Re: Heuristics for number theory?

"Stephen White"
> Hello,
>
> It seems that there is a horrific dearth of manageable heuristics
> for number theory. People have always told me it is supposed to be a
> very elegant and beautiful branch of mathematics, but I find it to be
> ugly, indeed hideous. In a good branch of mathematics, you'll find
> yourself guessing ahead of the book at the general idea of a proof; not
> so in number theory, where the proof will just pull things out of a hat
> out of nowhere. You read a proof and you're left scratching your head
> and saying "ok, who on earth just arbitrarily decided to consider (some
> huge, ugly, complicated auxiliary function)?" It isn't _natural_, it's
> forced, and there is no *understanding* (ok, I can (very
> painstakingly) verify line by line the proof of pi's irrationality, but
> it sheds absolutely zero insight into the matter).

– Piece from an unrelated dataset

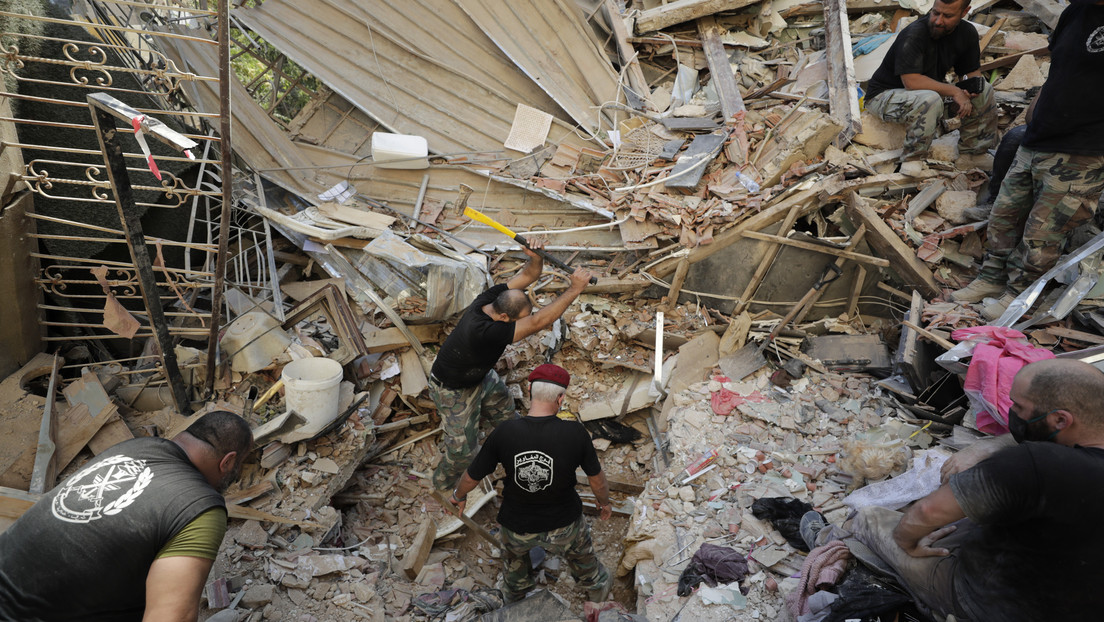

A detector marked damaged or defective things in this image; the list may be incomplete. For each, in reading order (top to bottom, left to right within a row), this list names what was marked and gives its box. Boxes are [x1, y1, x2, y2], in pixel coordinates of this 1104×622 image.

splintered wood beam [635, 0, 763, 34]
splintered wood beam [697, 14, 741, 120]
splintered wood beam [821, 0, 861, 146] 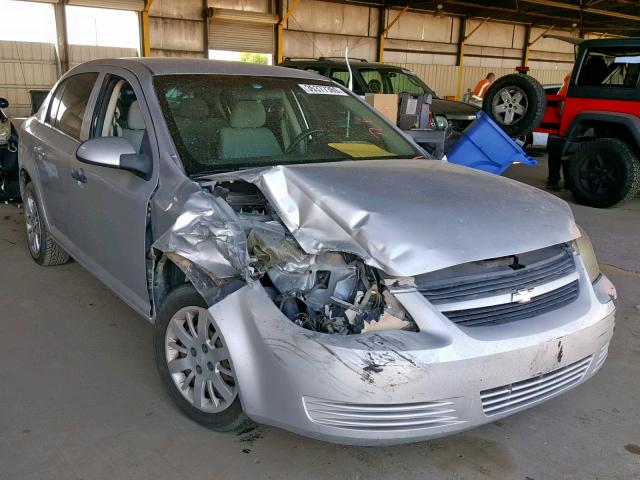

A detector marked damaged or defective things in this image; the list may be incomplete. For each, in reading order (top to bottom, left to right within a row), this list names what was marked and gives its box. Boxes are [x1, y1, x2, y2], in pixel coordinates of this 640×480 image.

What was the content of your course? Proving that pi is irrational
is rather untypical in a first course in NT. What else went on?
And was this course intended for math majors only, or did it
aim at students of information technology? That would have
an influence on the instructor's choice of problems, I expect.
LH

> People say some of
> the stuff becomes more digestable when you look at it from some higher
> algebraic / complex analysis / analytic number theory viewpoint.....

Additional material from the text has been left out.